Residents of apartments located on the corner of Spring Street and Wooster Street in lower Manhattan are shimmering.
Most are shimmering. Some aren’t as lucky.
It looks like the velvet disease. They call it Gold Dust disease. But, really, I’ve only seen it in fish. How humans got it, I have no idea.
Some of the residents can be seen running up and down their hallways, rubbing up against the wall. Layers of their skin peeling off, leaving black streaks.
Some are holding themselves tightly, shivering and gasping for air – their skin illuminated under fluorescent lights.
The CDC followed a strange humming to the roof of the building.
Inside the buildings water tower they found a mermaid, dead, covered in black spots looking like she’d been rolled in gold dust.
The parasite traveled from the water tower into the residents showers and drinking water.
They’ve sealed off the building, allowing only CDC personnel in proper attire to enter or exit.
You can see through the plastic bubble to the people standing at the windows.
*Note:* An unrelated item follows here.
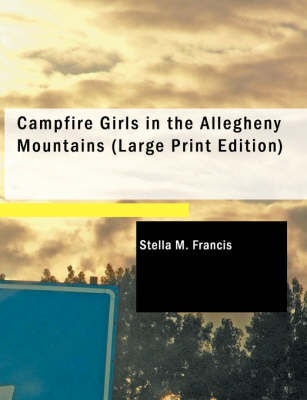 Campfire Girls in the Allegheny Mountains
Their eyes filming over and their skin becoming scaly, covered in a black slime.
They stowed the mermaid body in the back of a windowless van. Taking it for further testing.
I watched as they loaded her into a small tank. She looked familiar. Maybe one of the mermaids from Brooklyn.
Questioning the CDC and the police, the landlord and some of the tenants I was able to reach, I still don’t know how she ended up in the water tower.